Note, in the example above we are selecting the columns “Heat” and “Pod size” only. If we want to keep the other variables but only have complete cases we can use the *subset* parameter (df_full = df.dropna(subset=[‘Heat’, ‘Pod size’])). That said, we now have a subset of our dataframe with 31 complete cases and it’s time to carry out the correlation. It’s quite simple, we just put in the variables of interest. We are going to display the correlation coefficient and p-value on the scatter plot later so we use NumPy’s round to round the values.

#### Python Correlation Example:

```
corr = pearsonr(df_full['Heat'], df_full['Pod size'])
corr = [np.round(c, 2) for c in corr]
print(corr)
# Output: [-0.37, 0.04]
```

### Seaborn Correlation Plot with Trend Line

It’s time to stitch everything together! First, we are creating a text string for displaying the correlation coefficient (r=-0.37) and the *p*-value (p=0.04). Second, we are creating the correlation plot using Seaborn regplot, as in the previous example.
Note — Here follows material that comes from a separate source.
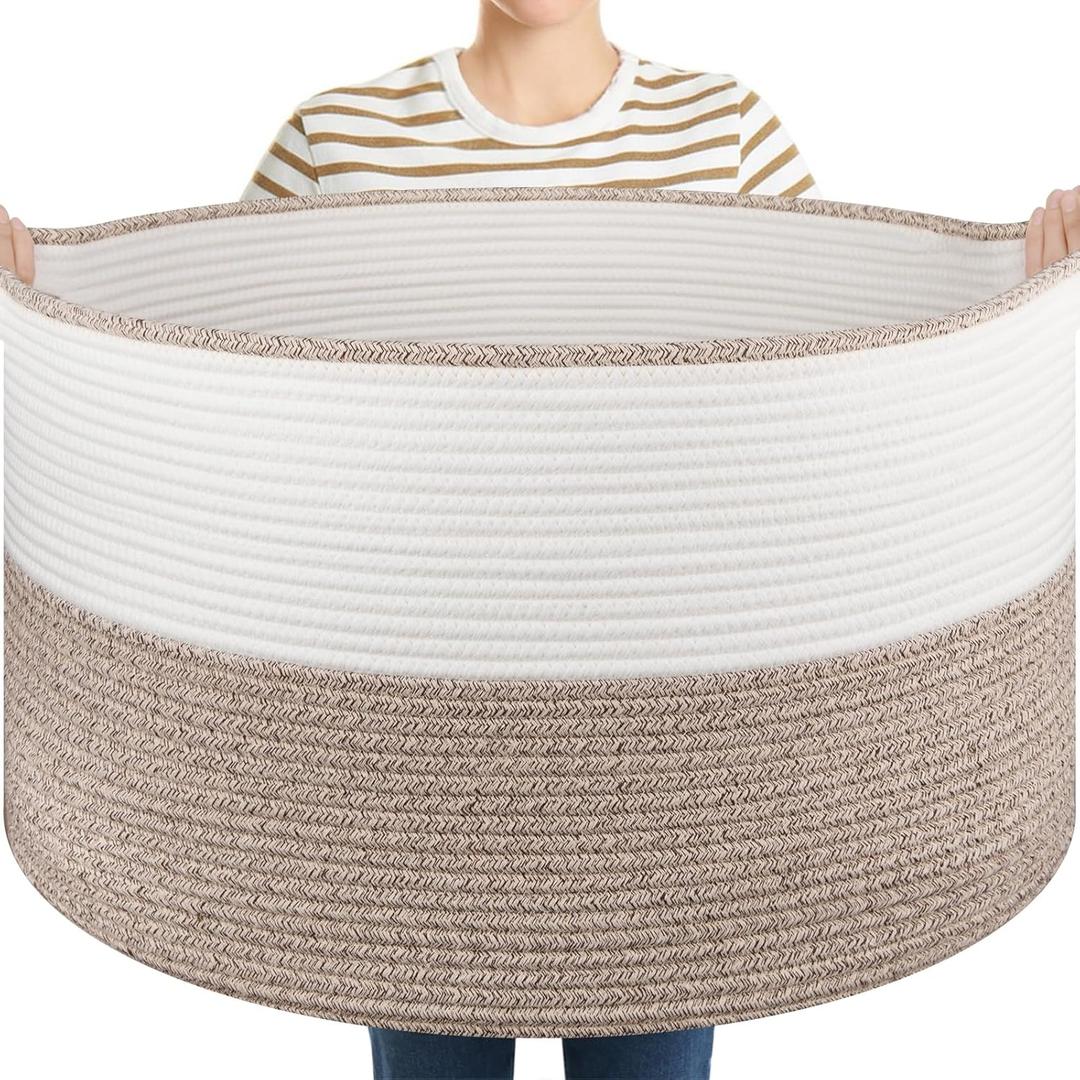 OIASKET Large Blanket Basket with Handles, 22.8" x 22.8" x 13" Woven Storage Basket for Living Room, Cotton Rope Baby Toy Storage for Clothes, Pillows, Towels-Brown & White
#### How to Add Text to a Seaborn Plot

To display the text we use the *text* method; the first parameter is the x coordinate and the second is the y coordinate. After the coordinates we have our text and the size of the font. We are also sing *set_title* to add a title to the Seaborn plot and we are changing the x- and y-labels using the *set* method.

```
text = 'r=%s, p=%s' % (corr[0], corr[1])
ax = sns.regplot(x="Pod size", y="Heat", data=df_full)
ax.text(10, 300000, text, fontsize=12)
ax.set_title('Capsicum')
ax.set(xlabel='Pod size (cm)', ylabel='Scoville Heat Units (SHU)')
```

### Pandas Bar graph Example

Now we are going to visualize some other aspects of the data. We are going to use the aggregated data (grouped by using Pandas groupby) to visualize the mean heat (scoville) across species. We start by using Pandas plot method:

```
df_aggregated = df.groupby('Species').mean().reset_index()
df_aggregated.plot.bar(x='Species', y='Heat')
```

In the image above, we can see that the mean heat is highest for the Capsicum Chinense species. However, the bar graph my hide important information (remember, the scatter plot revealed some outliers). We are therefore continuing with a categorical scatter plot using Seaborn:

### Grouped Scatter Plot with Seaborn

Here, we don’t add that much compared to the previous Seaborn scatter plots examples. However, we need to rotate the tick labels on the x-axis using *set_xticklabels* and the parameter *rotation*.

```
ax = sns.catplot(x='Species', y='Heat', data=df)
ax.set(xlabel='Capsicum Species', ylabel='Scoville Heat Units (SHU)')
ax.set_xticklabels(rotation=70)
```

## Conclusion

Now we have learned how to explore data using Python, Pandas, NumPy, SciPy, and Seaborn. Specifically, we have learned how to us Pandas read_html to parse HTML from a URL, clean up the data in the columns (e.g., remove unwanted information), create scatter plots both in Pandas and Seaborn, visualize grouped data, and create categorical scatter plots in Seaborn. We have now an idea how to change the axis ticks labels rotation, change the y- and x-axis labels, and adding a title to Seaborn plots.